Les structures élémentaires de la parenté est un livre difficile à résumer. D'abord parce que cela nécessite de l'avoir assimilé entièrement -ce qui n'est pas mon cas- et ensuite parce que les nombreux exemples fournis en soutien des thèses avancées ne sont pas aisément réductibles.

Au départ de l'approche proposée par l'auteur se trouve l'affirmation « qu'une logique interne dirige le travail inconscient de l'esprit humain, même dans ses créations longtemps considérées comme les plus arbitraires, et que les méthodes qu'il convient de lui appliquer ne diffèrent pas de celles réservées habituellement à l'étude du monde physique ».

Comme le titre l'indique, l'étude menée ici par Lévi-Strauss se porte sur les structures élémentaires de la parenté, c'est-à-dire les systèmes qui prescrivent le mariage avec un certain type de parents, en les séparant en deux catégories : conjoints possibles et conjoints prohibés. Les prescriptions ou interdictions de certains conjoints varient selon les tribus étudiées par Lévi-Strauss. D'un système à l'autre, on voit certains mariages acceptés ou bien refusés : mariage avec la nièce, mariage avec la fille du frère de mère (cousine croisée matrilatérale), mariage avec la fille de la soeur du père (cousine croisée patrilatérale), etc.

Lévi-Strauss avance donc que l'appareil imposant prescription et prohibition des conjoints dépend des trois structures élémentaires de parenté. Lesquelles se construisent à l'aide de deux formes d'échange (restreint et généralisé) qui elles-mêmes dépendent d'un caractère différentiel (harmonique / dysharmonique).
L'échange restreint et l'échange généralisé se caractérisent par un système de réciprocité entre deux groupes. L'échange est dit « restreint » lorsque un groupe A donne une femme au groupe B qui lui donne immédiatement une autre femme, sans attendre la génération suivante. L'échange est dit « généralisé » lorsqu'un groupe A donne au groupe B qui donne au groupe C (et ainsi de suite) et qui donne à son tour au groupe A. Enfin, un régime est dit harmonique ou dysharmonique selon qu'il y a coïncidence entre norme de résidence (matrilocal ou patrilocal) et système de filiation (matrilinéaire ou patrilinéaire).

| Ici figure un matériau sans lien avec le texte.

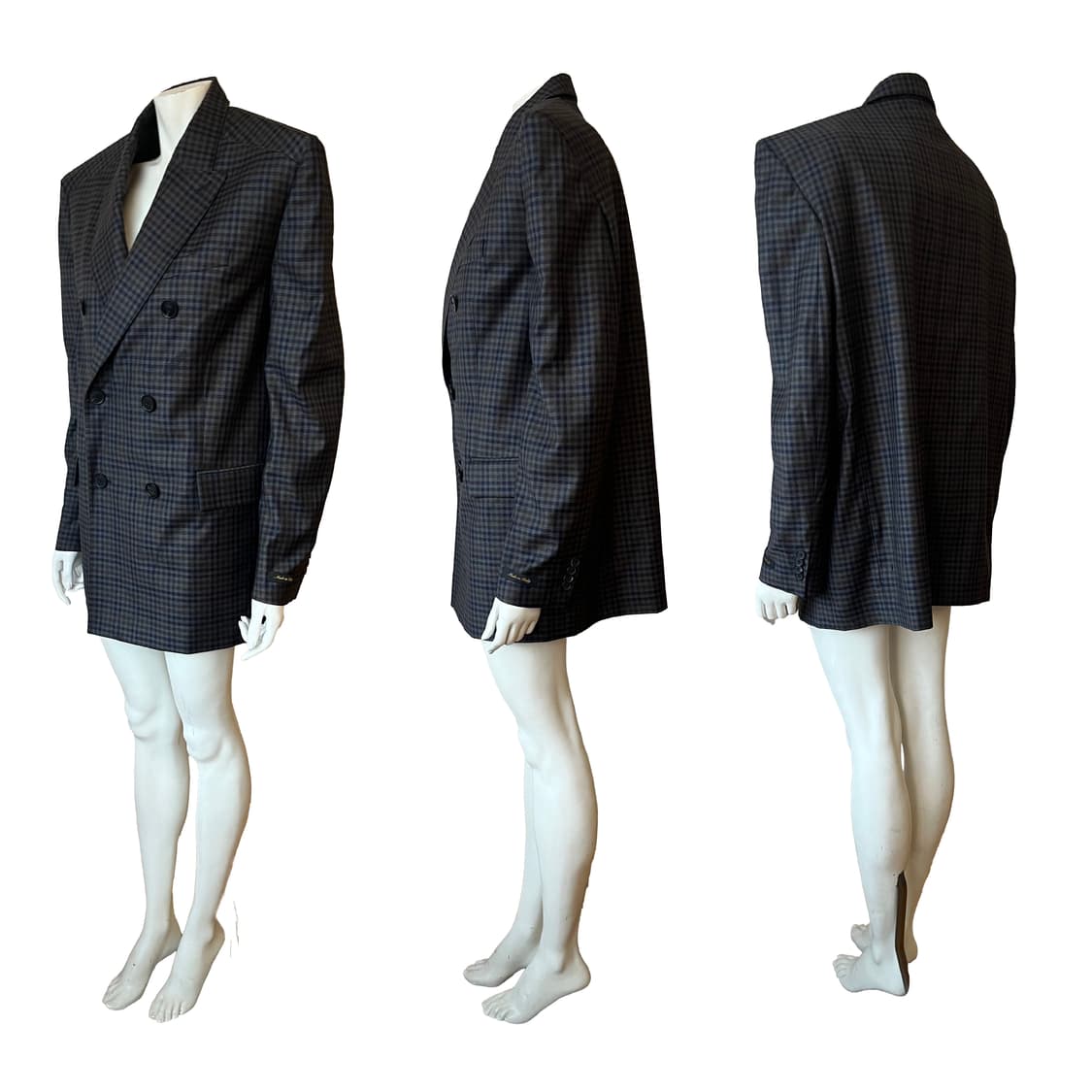 발렌시아가 ss 2017 체크 더블 자켓 36 상품이미지7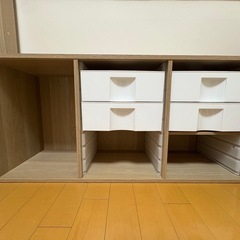 アイリスオーヤマ　3段　カラーボックス　横の画像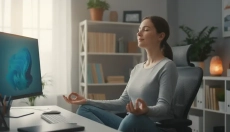 Mindfulness za skeptike v manj kot dveh minutah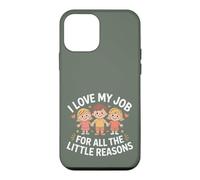 J'aime Mon Travail pour Toutes Ces Petites Raisons Coque pour iPhone 12 Mini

Lévi-Strauss expose nombre d'exemples de ces trois systèmes de parenté, accumulant détails et explications pointilleuses à l'appui de la démarche scientifique qu'il a entreprise. Il en résulte que les conclusions se font parfois attendre, et que la percussion du propos cède souvent au besoin de justifier, démontrer, prouver. Pour le lecteur que je suis, l'intérêt devient limité, la concentration s'étiole et la compréhension du propos est alors laborieuse. Dans la préface à la deuxième édition, l'auteur lui-même regrette un style trop sophistiqué pour un propos qui contient déjà suffisamment de difficultés. Evidemment pour un ouvrage de ce genre, la démarche systématique qui consiste à apporter une quantité de données pour les analyser et les comparer, est requise, mais pour un lecteur lambda, une version allégée pourrait peut-être se montrer plus profitable.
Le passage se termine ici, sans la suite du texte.